EU ambassadors proposed on Thursday to abolish the visa regime for citizens of Macedonia, Montenegro and Serbia as of 19 December this year instead of 1 January, 2010 as earlier proposed by the European Commission, media report.
Serbia’s Beta news agency reports that this proposal, made by the EU’s permanent representatives to the EU Council, must first be confirmed on 11 November at the session of the European Parliament, and then again at the end of the month at a meeting of either EU interior or foreign ministers.
The proposal for an early suspension of the Schengen visa regime for the three Western Balkan countries was reportedly made by Slovenia at Wednesday’s meeting of the EU Council Ministers.
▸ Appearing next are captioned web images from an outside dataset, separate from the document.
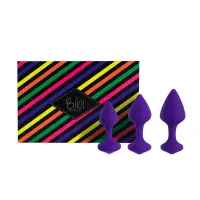 Набір силіконових анальних пробок FeelzToys - Bibi Butt Plug Set 3 pcs Purple — Переглянути зображення 1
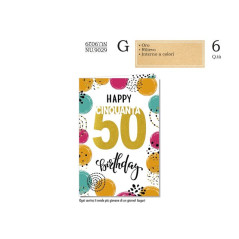 BIGLIETTO AUGURI 50 ANNI (12) EAN 8001608390298 INGROSSO BIGLIETTI COMPLEANNO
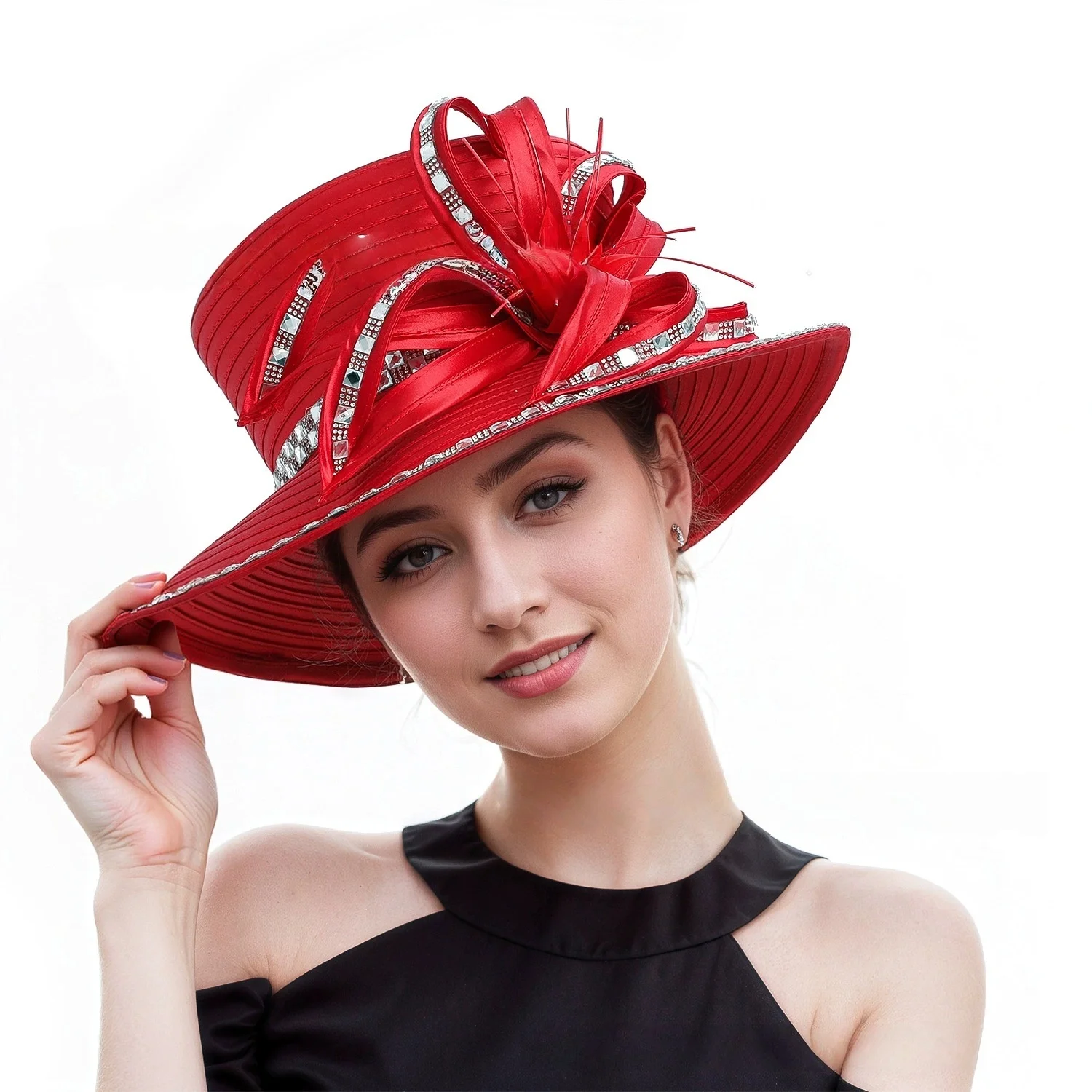 

French-style Ladies' Summer Sun Hat with Ribbon, Rhinestones and Feathers – Perfect for Parties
“In this way the citizens of these countries will have the opportunity to travel without visas to Schengen countries before Christmas and New Year,” Slovenian Foreign Ministry said in a press release issued after the meeting.
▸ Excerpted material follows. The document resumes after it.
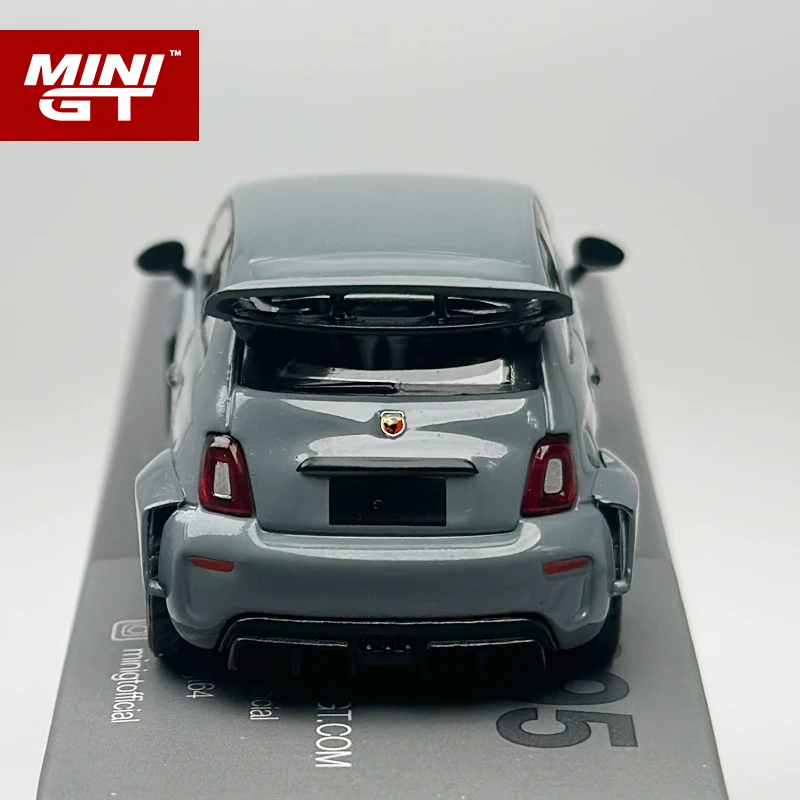 MINIGT 1:64 Abarth 595 LB-WORKS x Abas Works 회색 합금 자동차 모델 995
EU Commissioner for Enlargement, Olli Rehn, said it was an important concession. “Since Christmas is approaching and that, during the holidays, it is important to show good will, I hope that good will be shown on this issue as well,” broadcaster B92 quoted tke commissioner as saying.
“Of course, the decision is up to the Council of Ministers and member states to decide,” Rehn added.
The European Parliament’s rapporteur on visa issues, Tanja Fajon, told the Tanjug news agency that it is realistic to expect the agreement to materialize. “I think it is realistic that visas will be abolished on December 19, which makes me very happy. It would be great news for the citizens of Serbia, Macedonia and Montenegro,” the agency quoted Fajon as saying.
While Macedonia fulfills all the necessary criteria, the final decision on whether to lift the visa regime for citizens of Serbia and Montenegro will have to wait until an expert group decided that the countries have met all necessary criteria, broadcaster RTS reports.